» **Exercise input**:
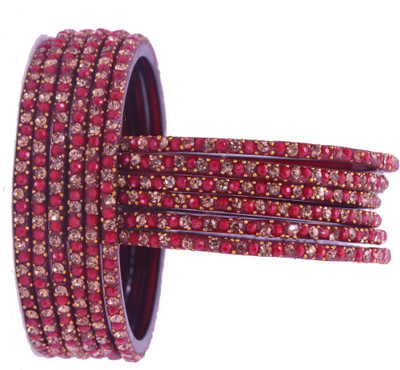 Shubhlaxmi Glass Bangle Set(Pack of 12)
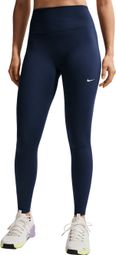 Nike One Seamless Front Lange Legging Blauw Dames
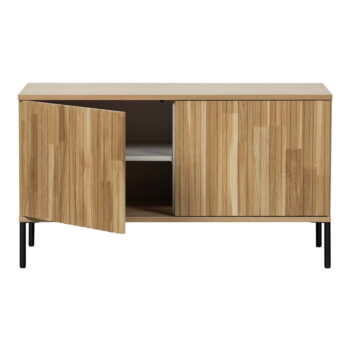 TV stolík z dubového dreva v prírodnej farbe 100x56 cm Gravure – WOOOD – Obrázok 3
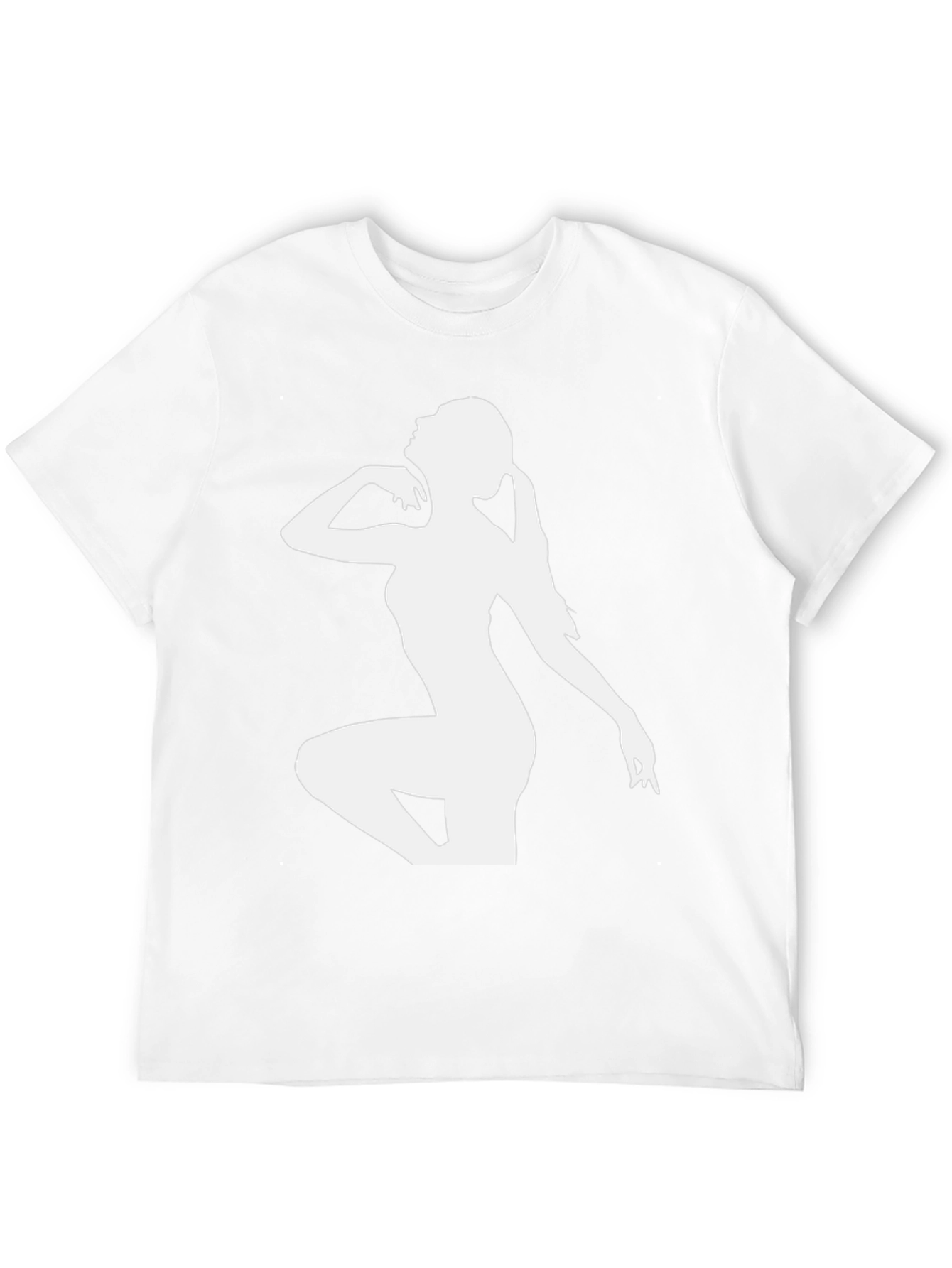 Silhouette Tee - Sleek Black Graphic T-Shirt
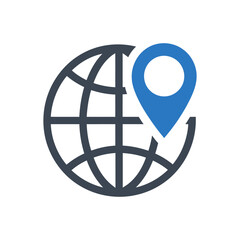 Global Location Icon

» **Requirement**: Every line from the one containing "TV stolík z" through the last line of the data, both included, is to be repeated exactly; the pictures are to be left out.

» **Response below**:
 TV stolík z dubového dreva v prírodnej farbe 100x56 cm Gravure – WOOOD – Obrázok 3
 Silhouette Tee - Sleek Black Graphic T-Shirt
 Global Location Icon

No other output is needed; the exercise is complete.